[Records from a data collection]
____________

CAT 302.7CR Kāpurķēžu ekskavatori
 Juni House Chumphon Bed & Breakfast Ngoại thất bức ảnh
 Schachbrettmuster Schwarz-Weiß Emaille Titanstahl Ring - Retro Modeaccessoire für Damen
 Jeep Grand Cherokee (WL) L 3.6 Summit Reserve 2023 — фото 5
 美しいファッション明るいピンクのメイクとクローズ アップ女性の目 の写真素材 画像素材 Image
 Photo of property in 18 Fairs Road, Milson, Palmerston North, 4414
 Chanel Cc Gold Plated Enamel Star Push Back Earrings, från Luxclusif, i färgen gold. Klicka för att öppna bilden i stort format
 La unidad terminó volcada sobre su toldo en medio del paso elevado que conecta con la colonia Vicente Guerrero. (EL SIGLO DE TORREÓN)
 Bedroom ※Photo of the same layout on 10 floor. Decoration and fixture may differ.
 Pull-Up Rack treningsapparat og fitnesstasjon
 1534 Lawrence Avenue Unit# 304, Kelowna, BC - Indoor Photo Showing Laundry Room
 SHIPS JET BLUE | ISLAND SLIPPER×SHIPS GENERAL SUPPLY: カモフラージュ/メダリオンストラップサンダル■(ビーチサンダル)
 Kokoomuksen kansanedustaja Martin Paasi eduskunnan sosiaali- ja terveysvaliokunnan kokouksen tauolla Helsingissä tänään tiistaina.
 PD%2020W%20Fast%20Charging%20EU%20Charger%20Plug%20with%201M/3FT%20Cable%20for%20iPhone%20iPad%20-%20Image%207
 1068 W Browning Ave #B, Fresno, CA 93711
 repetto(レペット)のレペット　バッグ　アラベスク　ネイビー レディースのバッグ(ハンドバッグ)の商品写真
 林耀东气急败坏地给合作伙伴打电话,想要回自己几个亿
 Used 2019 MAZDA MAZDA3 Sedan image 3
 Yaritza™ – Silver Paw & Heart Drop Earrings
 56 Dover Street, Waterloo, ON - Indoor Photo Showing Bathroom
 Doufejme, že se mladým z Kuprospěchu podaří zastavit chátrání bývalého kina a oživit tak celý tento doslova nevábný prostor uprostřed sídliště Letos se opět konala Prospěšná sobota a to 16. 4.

____________

Problem description -> Please output all the lines above exactly as given.

Answer to the exercise ->
CAT 302.7CR Kāpurķēžu ekskavatori
 Juni House Chumphon Bed & Breakfast Ngoại thất bức ảnh
 Schachbrettmuster Schwarz-Weiß Emaille Titanstahl Ring - Retro Modeaccessoire für Damen
 Jeep Grand Cherokee (WL) L 3.6 Summit Reserve 2023 — фото 5
 美しいファッション明るいピンクのメイクとクローズ アップ女性の目 の写真素材 画像素材 Image
 Photo of property in 18 Fairs Road, Milson, Palmerston North, 4414
 Chanel Cc Gold Plated Enamel Star Push Back Earrings, från Luxclusif, i färgen gold. Klicka för att öppna bilden i stort format
 La unidad terminó volcada sobre su toldo en medio del paso elevado que conecta con la colonia Vicente Guerrero. (EL SIGLO DE TORREÓN)
 Bedroom ※Photo of the same layout on 10 floor. Decoration and fixture may differ.
 Pull-Up Rack treningsapparat og fitnesstasjon
 1534 Lawrence Avenue Unit# 304, Kelowna, BC - Indoor Photo Showing Laundry Room
 SHIPS JET BLUE | ISLAND SLIPPER×SHIPS GENERAL SUPPLY: カモフラージュ/メダリオンストラップサンダル■(ビーチサンダル)
 Kokoomuksen kansanedustaja Martin Paasi eduskunnan sosiaali- ja terveysvaliokunnan kokouksen tauolla Helsingissä tänään tiistaina.
 PD%2020W%20Fast%20Charging%20EU%20Charger%20Plug%20with%201M/3FT%20Cable%20for%20iPhone%20iPad%20-%20Image%207
 1068 W Browning Ave #B, Fresno, CA 93711
 repetto(レペット)のレペット　バッグ　アラベスク　ネイビー レディースのバッグ(ハンドバッグ)の商品写真
 林耀东气急败坏地给合作伙伴打电话,想要回自己几个亿
 Used 2019 MAZDA MAZDA3 Sedan image 3
 Yaritza™ – Silver Paw & Heart Drop Earrings
 56 Dover Street, Waterloo, ON - Indoor Photo Showing Bathroom
 Doufejme, že se mladým z Kuprospěchu podaří zastavit chátrání bývalého kina a oživit tak celý tento doslova nevábný prostor uprostřed sídliště Letos se opět konala Prospěšná sobota a to 16. 4.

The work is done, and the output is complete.